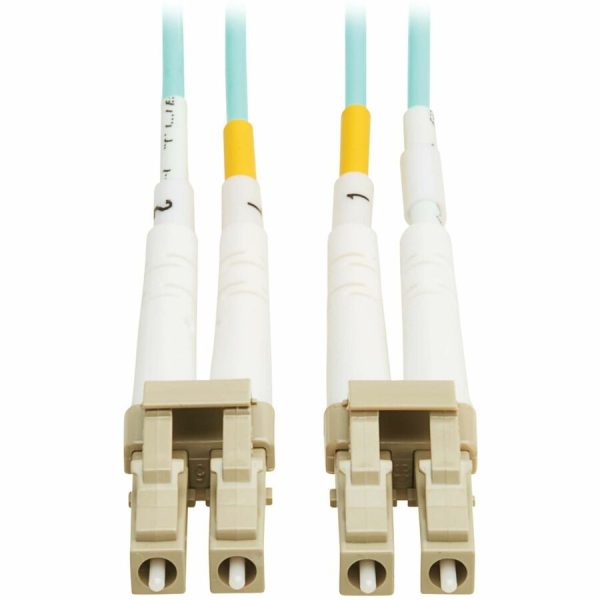 Eaton Tripp Lite Series 10Gb/40Gb/100Gb Duplex Multimode 50/125 OM4 LSZH Fiber Patch Cable (LC/LC), Aqua, 2M (6.6 ft.), TAA - Image 2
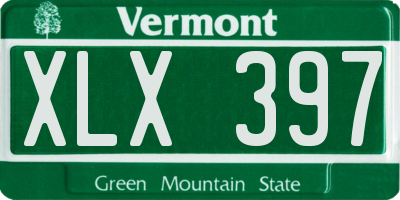 VT license plate XLX397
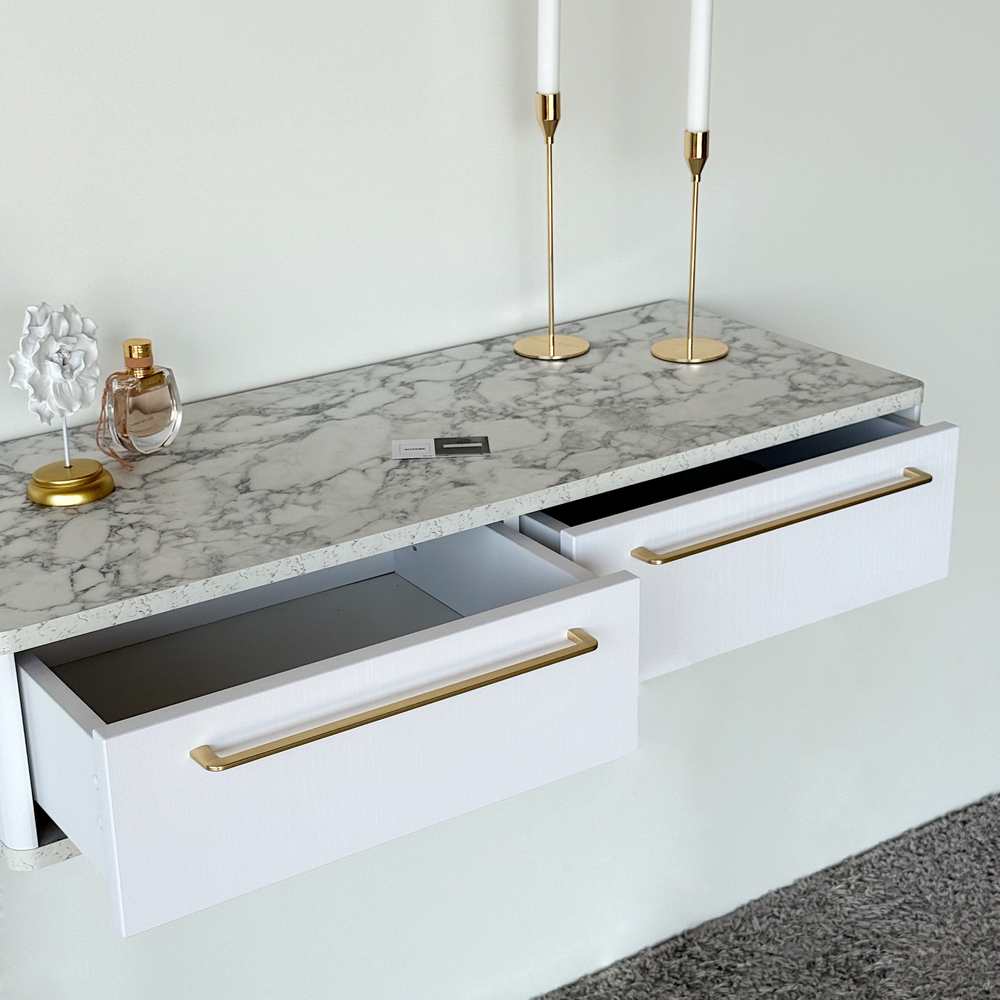 Подвесной туалетный столик консоль Royal 5210 эко (Мрамор Каррара-р.золото)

> Exercise aim: Copy out every line above without change, dropping the pictures.

> Problem solution:
 Eaton Tripp Lite Series 10Gb/40Gb/100Gb Duplex Multimode 50/125 OM4 LSZH Fiber Patch Cable (LC/LC), Aqua, 2M (6.6 ft.), TAA - Image 2
 VT license plate XLX397
 Подвесной туалетный столик консоль Royal 5210 эко (Мрамор Каррара-р.золото)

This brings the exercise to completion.